Documenting Home

Bruce Royer and Javier Perez review the results of their 3D walk-in tour. Photo courtesy Royer Studios

Bruce Royer is the kind of guy who wakes up every morning asking how he can be of service to the planet and the people on it.

He has been combining production and education as a passion and career since the mid-eighties, when he developed an animation program with his brother, Bill. It was used by LAUSD to promote drug awareness. Remember D.A.R.E. (Drug Abuse Resistance Education)? Those videos were Bill’s. The program was designed to help at-risk teens craft an original voice for themselves through telling their story using his animation techniques.

When you live your life like that, synchronicities are bound to fall into your hands that enable you to help people in ways you couldn’t have imagined. This is exactly what happened to Bruce less than a month before the Woolsey fire.

“I travel a lot, especially with my latest television production, Canvassing the World. There’s this Villa Exchange company where you can stay in these beautiful villas all over the globe. We stayed in one in Italy this September. I took several pictures of the place and the grounds, flew a drone over it to get aerial imagery, and sent it to the owner, thinking he might like it for promotional use.

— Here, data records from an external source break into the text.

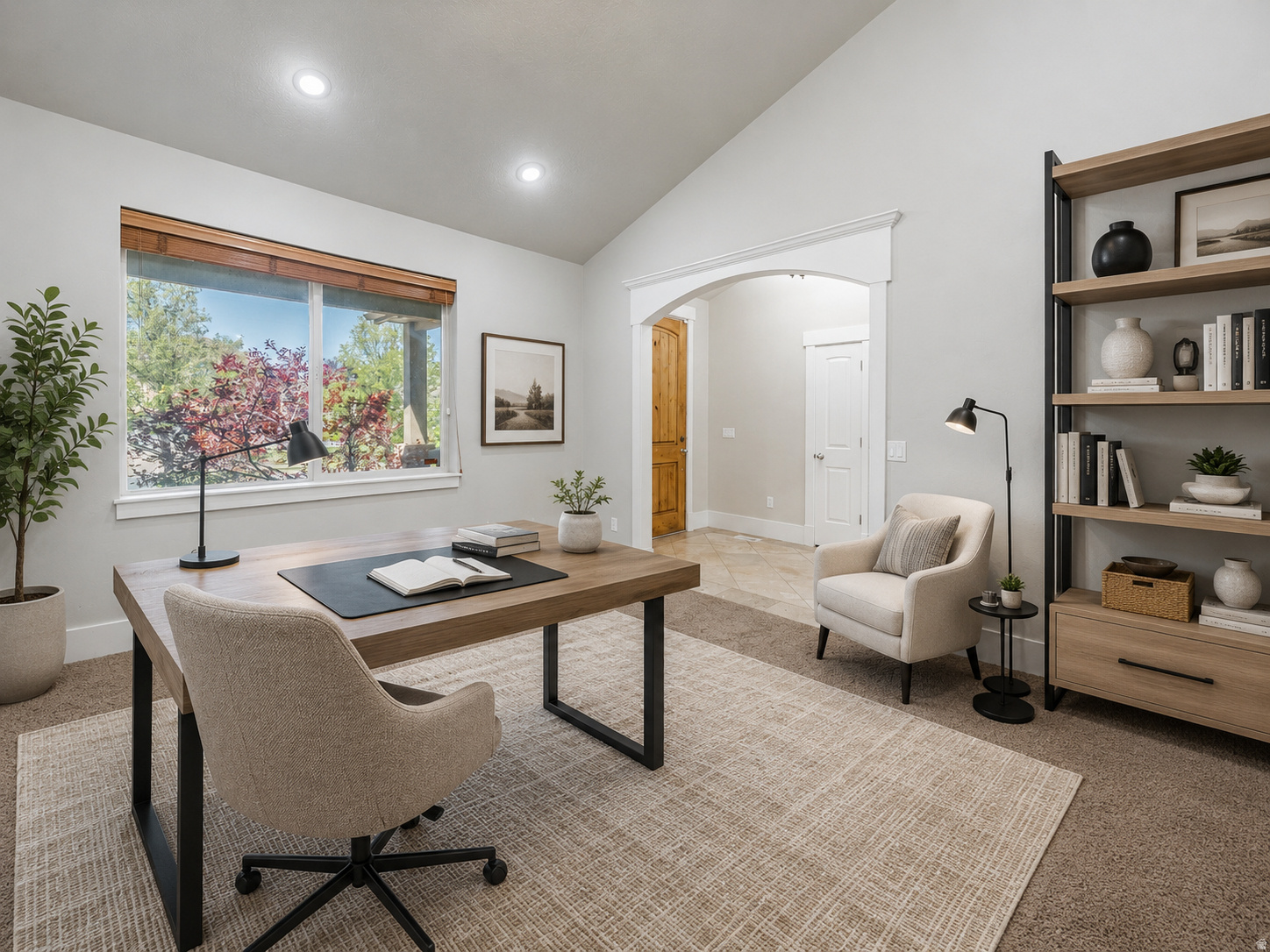 RIVER COVE - Residential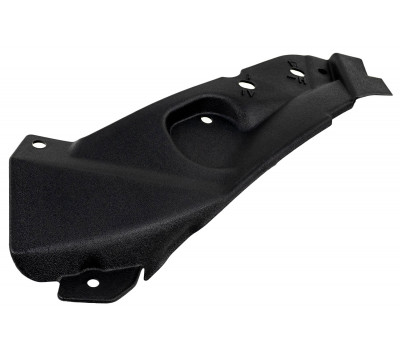 Кожух левой фары для Приора Кожух левой фары для Приора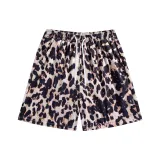 NX Леопардовый принт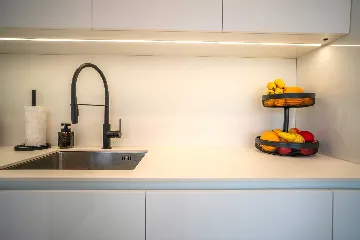 4-Bedroom House in Šibenik for Up to 8 Guests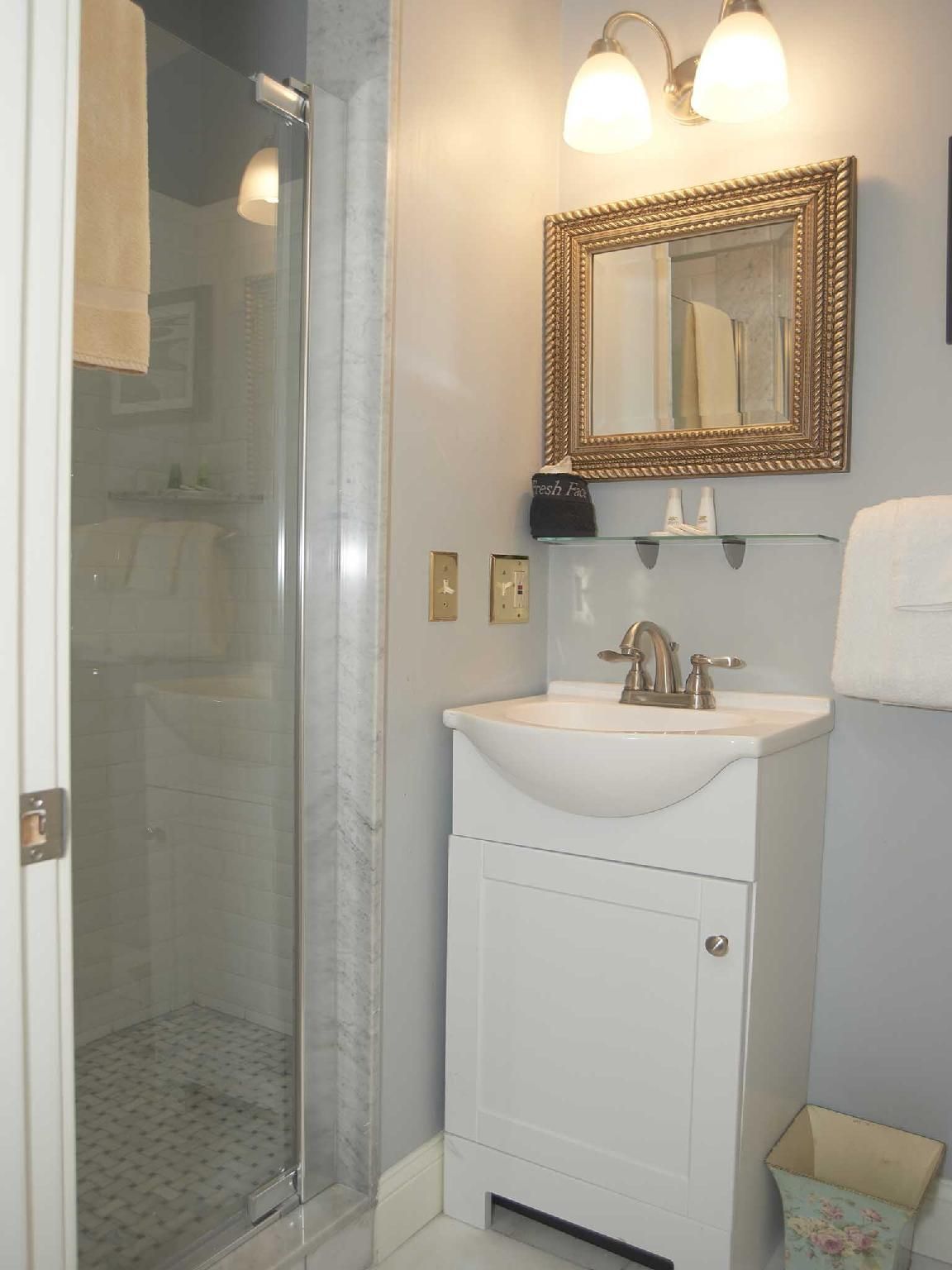 The Inn 11 Queen (no pets-Double room-Ensuite-Standard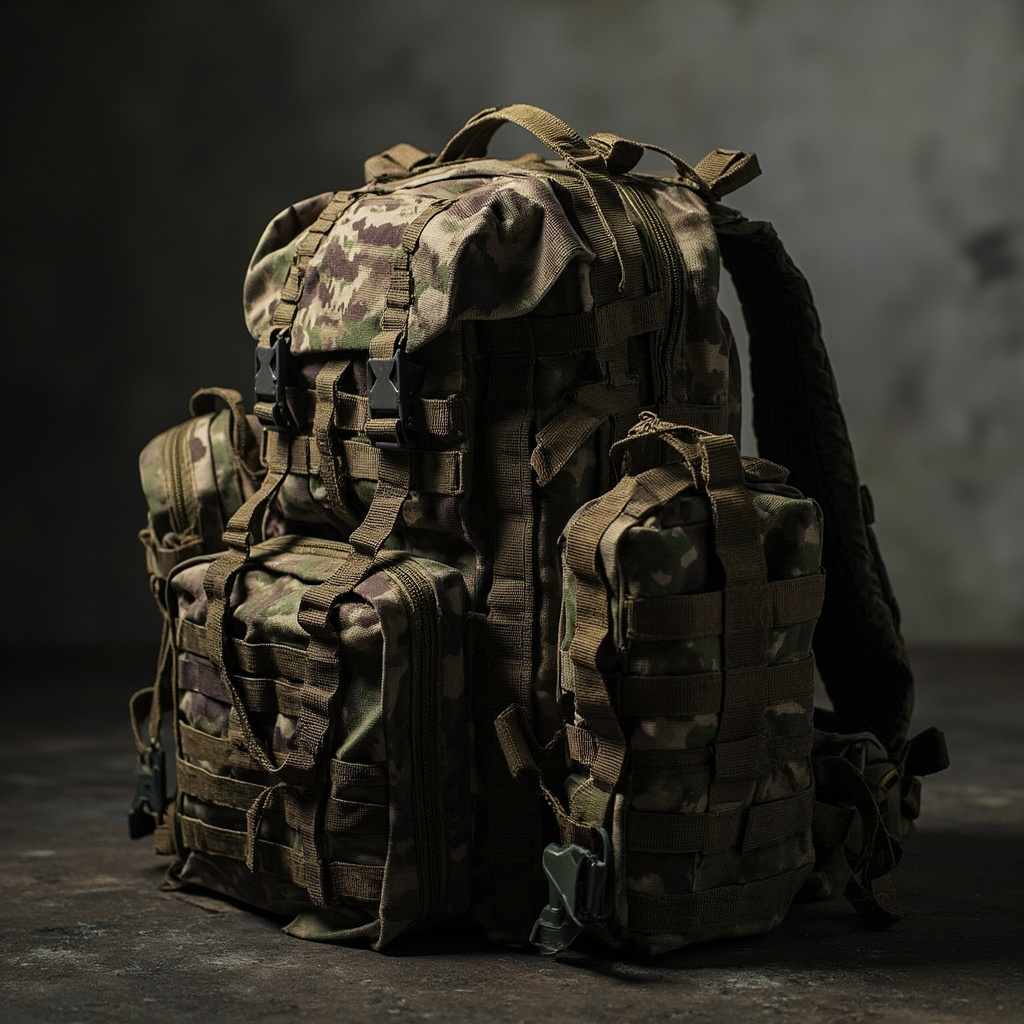 Get Home Bag Guide: The Bag That Gets You Back When Everything Goes Wrong
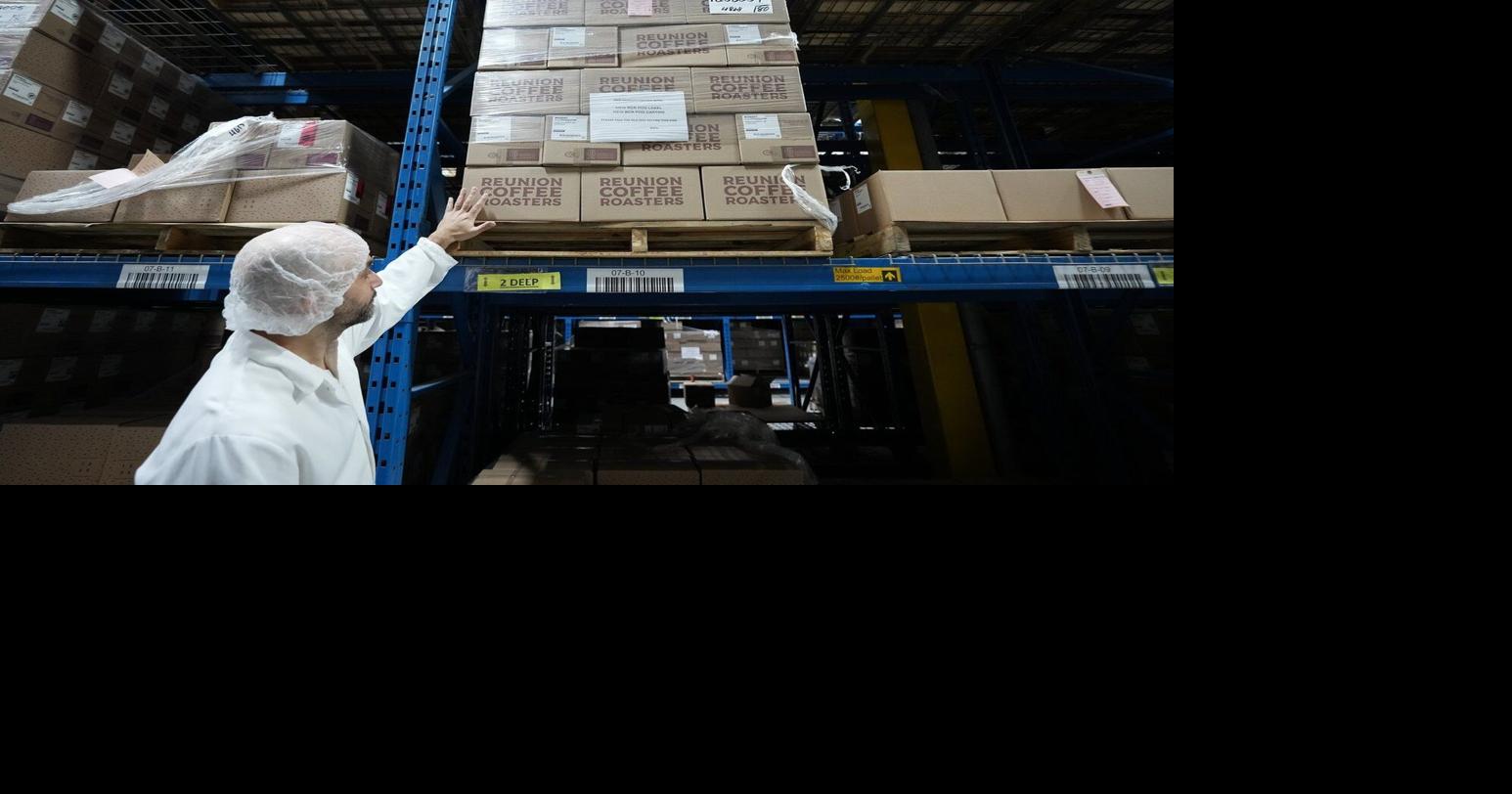 From small farms to your cup: What it takes to make that one cup of fresh coffee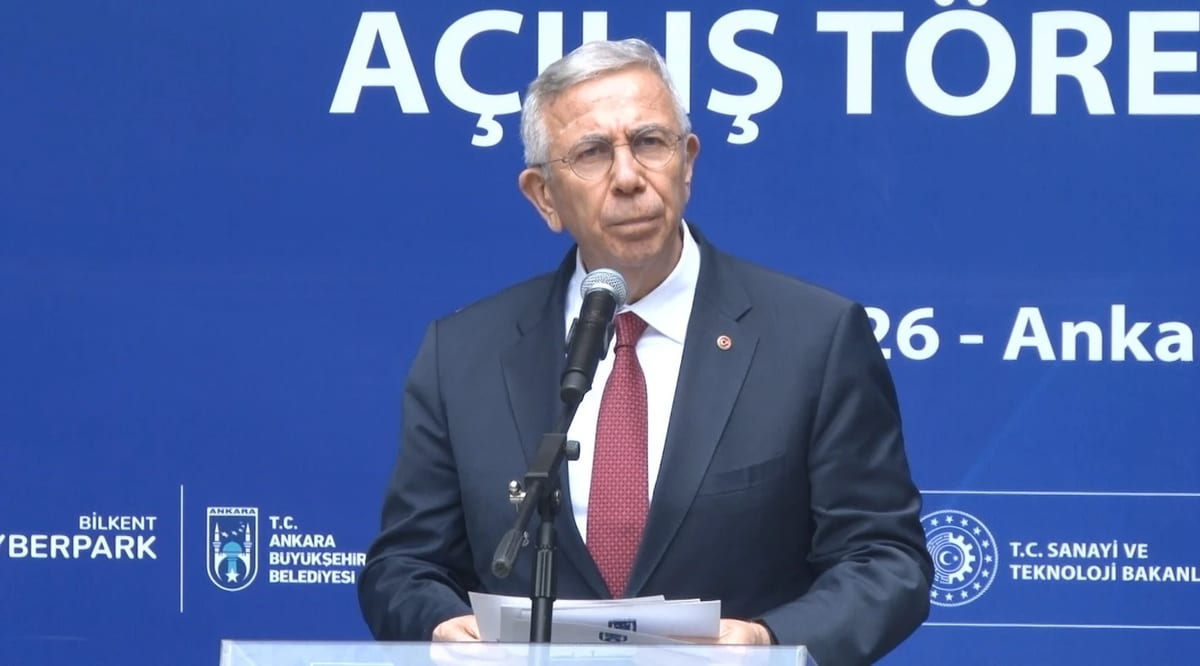 Bakan Kacır: "Şirketlerini kuracak girişimcilerimize 1 milyon 350 bin lira yatırım imkanı sunuyoruz"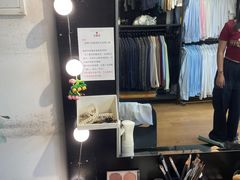 -红像馆连锁精致证件照职场照(中关村店)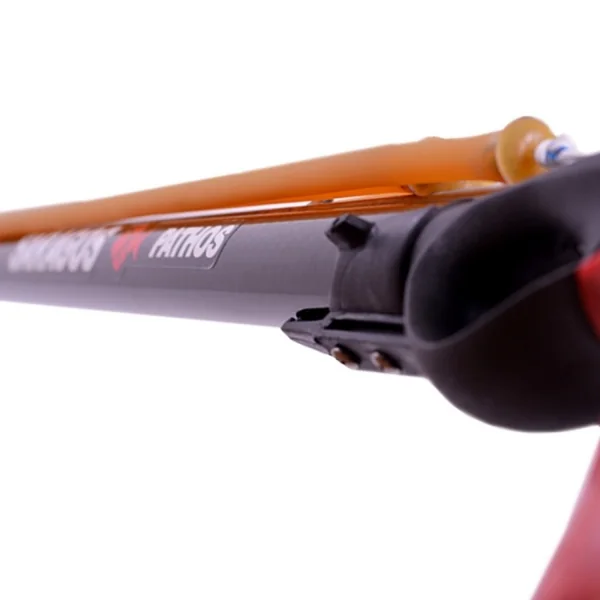 Arbalète fusil harpon chasse sous marine Pathos Saragos Carbon 60 cm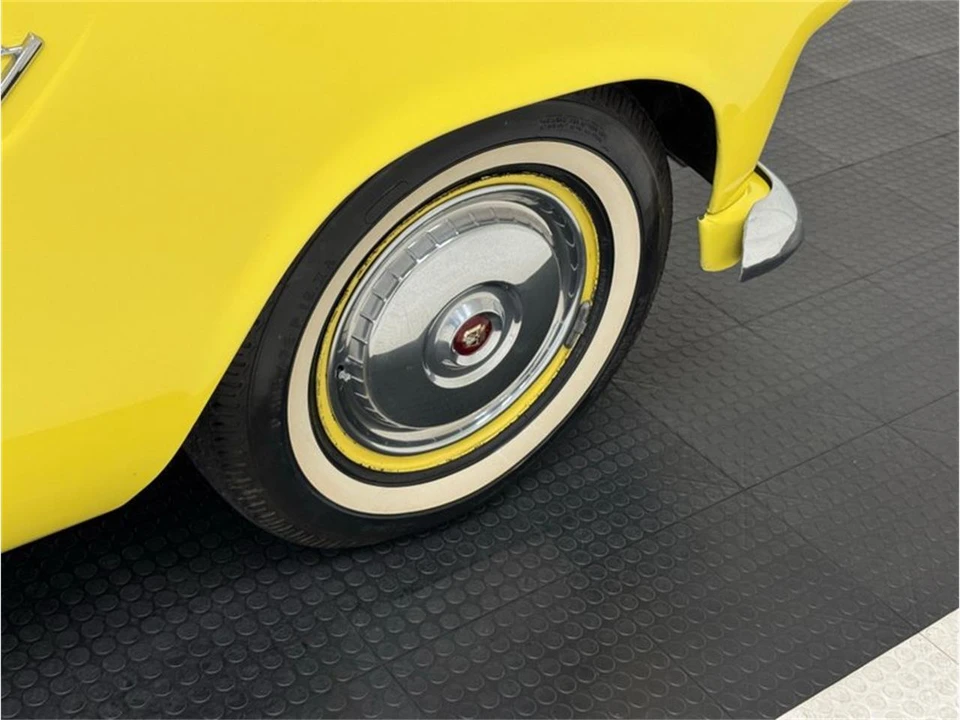 1955 Ford Thunderbird 1st Gen - Image 27 of 31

“He loved it and asked if I could do Matterport scans of the property also. ‘Matterport? I thought. What’s that?’ So, I googled it and was blown away! I went out and bought a Matterport camera that day and began negotiating with the owner of the Villa to exchange a world-wide Villa tour for full Matterporting of each of his properties.

“Less than a week later, the fires broke out and there I am, sitting in my office realizing that all these people are losing their homes. I looked around at the room I was in thinking, ‘could I even remember all the things that were here if I chose to evacuate and everything burns? Do I have documentation? Do I have receipts?’ I realized all my receipts are in the same room with everything else and suddenly a light bulb went off in my head! The Matterport came to me for another reason altogether: To support people to document everything and anything they have!”

What is this magical 3D documentation camera that sounds like a ride at Disneyland?

“The Matterport system is very easy to use. We just put the camera on its tripod, hit the scan button and it automatically rotates 360. We do that every five feet or so throughout your whole property and as it’s happening, you’re seeing it build three-dimensional imagery for the space right before your eyes. As each scan is stitched together, it becomes one fluid, three-dimensional walkthrough of the entire living space, top-to-bottom, every little detail documented and stored securely in the cloud, on your hard drive, wherever you choose to keep the file.”

In a demonstration of the Matterport 3D walkthrough of a villa in Costa Rica, the level of detail was incredible, so fine and clear. One could easily see, in pristine detail, for example, the heirloom pearl earrings and diamond ring on a china dish atop an antique embroidered lace table runner, lining an eighteenth-century oak vanity.

Any artwork in your home—whether it’s an original oil painting, a watercolor print, the filigree in the picture frame—all of it is as clear as if you were standing right there. You could also take a screenshot of any close-up in the walk-through imagery to keep as jpeg files, if needed.

Rodger Ilsley had his home documented by Bruce shortly after the fire.

“We have close friends in Malibu who lost their homes completely. We’ve heard their grueling experience with the insurance company, literally having to try to document every last thing they lost, down to the knives and forks in their kitchen drawers. We decided immediately to have Bruce document our home which only took about an hour to cover all 2,600 square feet. It’s an invaluable asset to have and really gives us great piece of mind”

Bruce’s friend, Monique, who is staying in his guest house after losing her home in the fires said, “It took me three days, listing everything I could remember that I had, what it’s worth, what it cost, what the cost might have been. There are so many things I didn’t have receipts or documentation for! The amount of time I’m spending on the phone with the insurance companies, going back and forth just trying to get back the things I lost, it’s like having a second job!

“If you have the opportunity to use the service and document everything with the Matterport, you definitely should. I wish I could have,” said Monique.

Bruce’s service also comes with an optional purchase of virtual reality-style 3D goggles that are a simple cardboard box design with two magnifying lenses and a sleeve to slip a smart phone into.

Looking through the goggles, a Matterport scan of a beautiful Basilica in Italy was like a scene in a sci-fi movie: I was sitting in Bruce’s office but through the goggles, I looked up and saw the ornate ceiling of the Basilica above me. If I held my gaze on one of the little blue “zoom” dots for a few seconds, I could zoom into that spot where the ornate, stained-glasswork of the ceiling was, right there in exquisite detail, inches from my face. Looking down, I saw each little line between the tiles in the floor; taking a few steps forward, the candlesticks on the altar came into clear focus. It was surreal.

Aside from the practicality of having everything documented for insurance purposes, there could be another, more nostalgic purpose for anyone who has lost their home. Imagine being able to relive the experience of walking through every inch of your home as it used to be.

It could even be an instrument of healing such a profound loss.